Coberto e confortável no banco de trás do uber, eu subia uma tortuosa via de acesso até meu destino, mas ficava pensando que não queria perder nenhum momento daquele caminho, e que mesmo só vendo casas muradas e vegetação, eu perdia alguma coisa balançando de um lado pro outro em cada curva mecânica que o motorista vencia.

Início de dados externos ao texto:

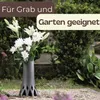A vase with white flowers in a garden or cemetery setting. Produktbild-Vorschau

Alguma casa no caminho poderia estar tendo um almoço em família, ao som de um samba alto que escapasse pelo portão, ou algum trecho seria menos inclinado e meninos estariam jogando futebol na calçada, habilidosos e sem deixar a bola rolar estrada a baixo. Eu certamente não teria o gingado para entrar por um segundo que fosse na brincadeira, mas enfim, tinha licença poética de turista para só observar as coisas sem realmente fazer parte delas. Chego mais rápido do que imaginava até meu destino e o que ficou na estrada é apagado pelo lugar mais sensacional que eu veria no Rio.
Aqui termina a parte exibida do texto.